Jews were known as the Chosen People because they had a book to protect, a book, the first five sections of which are the basis of democratic law but which laws Arabic citizens either aren’t educated about or don’t comprehend because they’ve never been given the opportunity to make choices for themselves, an essential aspect of a democratic society for people who have to take responsibility for their daily decisions and governance of themselves. We have laws that aspire to equal protection and providing due process in a criminal justice system along with our civil contract and negligence laws. These are foreign concepts to most people of most of the Arabic countries. Certainly, Kurosh Arianpour is unaware of democratic political science except for the lesson received by the publication of the op-ed. 

If Kurosh Arianpour were in the US, there would be no arrest for the op-ed just as there is no arrest for the people who decided to publish the it. This is America and that is the difference between “us” and “them.” This is the biggest lesson to be taken from the publication of this hateful op-ed filled with blatant ignorance which purports to explain grounds for hate. What it clearly portrays is the impoverished life in which far too many children are born. 

I wonder whether Kurosh Arianpour is talking to anyone about the fact of the publication of the op-ed and the exchange of ideas which it precipitated. 

Is that allowed in Iran? 

C.J. Kingsley 

 

Wow. Too many factual errors in this one to correct in the available space. Just a couple: Iranians are not Arabs. Neither Catholics nor Moslems are illiterate. Many would disagree with most of his “history.”  

 

• 

WHERE ARE THE  

PEACMAKERS? 

Editors, Daily Planet: 

We stand at the brink of never ending war and hate. Those who should come forward to stand against tyranny have failed to do so. 

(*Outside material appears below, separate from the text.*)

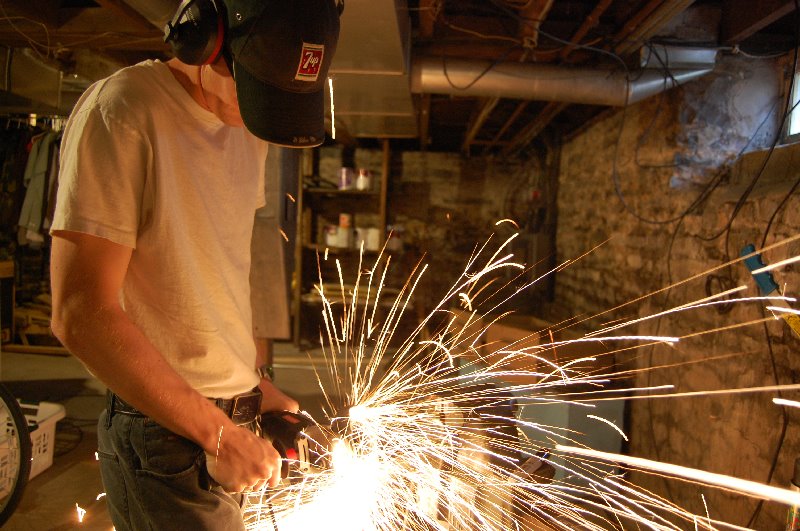 Photography by chronus24 for DesignCrowd (Community Contests) | Design #9011448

The liberal peace movement has embraced the cause of occupation. They march together even though the occupied also advocate destruction, repression and death as legitimate tools. 

The Just moralize the destruction of the innocent and the repression of others in the name of self defense. 

We bring war and chaos to the world in the name of freedom and defeating terror. 

Where are the Martin L. Kings, the Nelson Mandelas, and the Gandhis? Where is the social outcry for peace though nonviolence? 

A man in China stands unarmed against a tank, and the world sees. A farm worker organizes and a country changes. A young student has her life crushed opposing injustice, and the world cries. 

These are the real heroes. Those who advocate and practice unrelenting non-violent social action to achieve peace and change. 

We must hold our government and ourselves accountable and stand up against all violence and hate. We must never embrace it for any reason or advantage. 

We should demand that the words “never again” be embraced by Israel’s neighbors. The peacemakers there must own this truth. And from Israel, should flow uncompromising protection of social justice for all, regardless of the cost. 

Peace and freedom of speech trump any ideology or religion. 

We are the peace makers. Who will stand up? Stop the violence, hate and injustice.